All I was saying is that the compounded errors of checksums is no
different from the compounded errors inherent in taking backups of
backups. So, as long as the probability of error introduced by
checksums is the same order of magnitude (or less) than other errors,
there is no reason to single out checksums as being an issue.

 > You'd better have 2 backup solutions, if you can... but in the
 > meanwhile, it's better to backup your backup than nothing, don't
 > you think so? And if I can do it with less probabilities of
 > failure, I will, and if that just imply buying an extra $50 hard
 > drive.

I'm not sure how big your setup is but on my SOHO setup, I use a $50
external hard drive and a $100 plugcomputer as my second backup. Now
that is way low end. But I'm sure for a few hundred total dollars you
could get a second parallel backup going using a bare bones computer
and a cheap drive. Frankly, you could use just about any old obsolete
pentium class PC. It doesn't need to be powerful since other than
compressing and computing some mdsums, it doesn't really require much
cpu power. And even if it is slower than your primary, you can run
your secondary backups just once or twice a week if needed. So you
could probably set that up for free with just scavenged hardware.

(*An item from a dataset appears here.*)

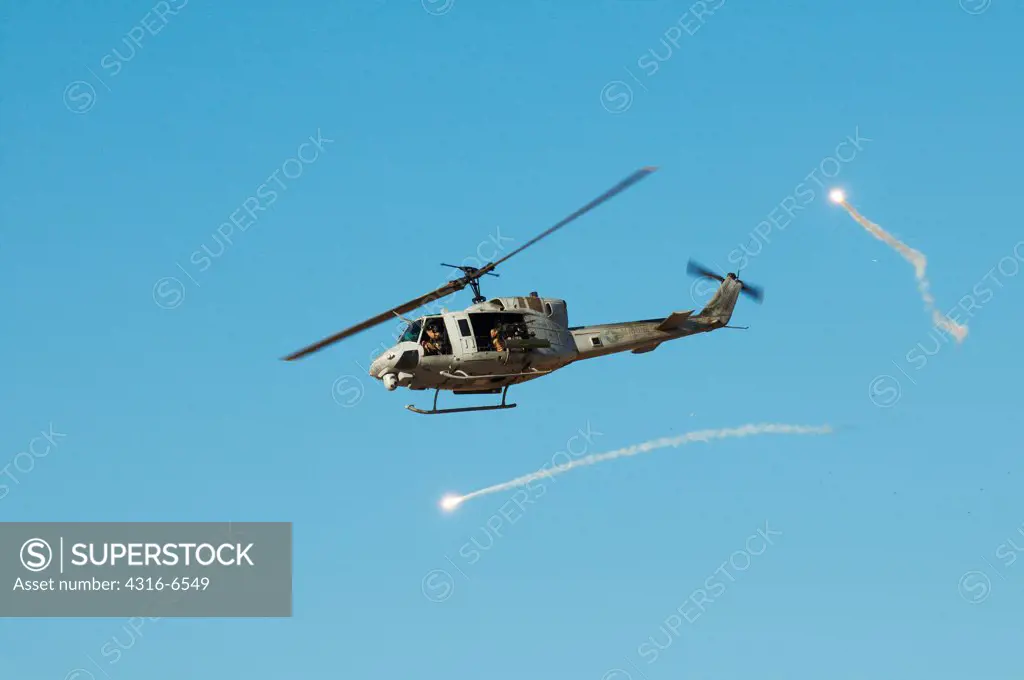 US Marine Corps UH-1N Iroquois Utility Helicopter fitted with rockets and machine guns for an attack mission expends flares during close air support training at Yodaville, Barry M. Goldwater Air Force Range, Arizona, USA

 > >> I don't have graphs, but the amount of memory available to any
 > >> recent computer is more than enough for rsync. Disk I/O is somewhat
 > >> important, and disk bandwidth is a constraint, but, cpu speed is
 > >> the more important thing in my tests.
 > > 
 > > Interesting, based on my experience and the experience of most reports
 > > on this mailing list, memory is the main problem encountered. But
 > > perhaps if you have enough memory, the repeated binary search of the
 > > hard link list is the issue. Maybe rsync could be written better for
 > > this case to presort the file list by inode number or something like that.
 > 

 > Ok, hard links sort and search is important, very important and
 > takes a lot of cpu time, I will not argue this. In earlier versions
 > of rsync, before 3.0.0, rsync even broke in the process.  But, in
 > my experience, it didn't happened again after we moved to 3.0.2
 > Maybe we were luky, I don't know, but the truth is that over the
 > last year (2010), I used this technique to maintain 2 offsite
 > copies of the backup.  I'm not working for that company anymore
 > since January, now I have my own company, so I don't have access to
 > those systems to make any metrics on them, I wish I could.
 > 
 > As a bottom line, I don't care if it because of checksums or
 > because of hardlinks, but rsync is a really CPU intensive task.

My only interest is in figuring out how you have been successful with
just a couple of GB of memory in situations that others have
floundered with. I would love it if we could all rsync BackupPC
archives of 2 billion files in 2 hours. That would be awesome!